God could not be portrayed as un- omnipotent, unomniscient. But God can be experienced as unavailable, as is shown in biblical witness. God was not or did not seem to be available to Job, to various psalmists—the author of Psalm 88, for example—or to the One who shouted “My God, my God, why have you forsaken me?”

Still, it is the available face of the God with the lifted-up countenance that predominates in the Bible. It is a witness not only to what God has but to what God is. It is this disposition of God that has evoked petitions and prayers, shouts and resolves. And since availability is, shall we remind ourselves, an available realization among humans, people get to make fundamental engagements which bear not only on what they have, but on what they are.

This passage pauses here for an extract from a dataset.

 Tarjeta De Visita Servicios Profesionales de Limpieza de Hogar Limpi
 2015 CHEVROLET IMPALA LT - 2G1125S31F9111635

The biblical story of creation finds God making a fundamental engagement with creatures. The story of Abraham and his heirs is one of promise, since the covenant bears on what God had and has to share and on what God is. The witness to the incarnation is the supreme story of God’s disponibilité, God’s availability. And the onrush of the Holy Spirit is an empowerment of the blessed ones who are now to be available to those who cried and mourned, those who were hungry, or who did not know to whom to turn when in anxiety or agony.

I have spent years looking for those to whom availability has been richly communicated. No one expects everyone at all times and in all circumstances to be available for all purposes. I would ordinarily prefer that the surgeon be occupied with surgery, the pianist with the recital, the student with studies—and that they not be always available for interruption. Yet my hunch is that most of us would point with awe to those who engage in what I call “creative schedule interruption” for others. You will rarely be able to point to celebrities who do this, since they are, in Marcel’s term, encumbered (encombré) with themselves. You will, however, meet many busy and famous people who can sort out the important call from the not too important demand.

Models for being available are present in all the faiths and many nonfaiths; Christians have no monopoly on disponibilité. But those who claim to be called by the Divine Presence to be open to the other have special reason for giving thanks that they get to be open and available, to know the freedom of the unencumbered.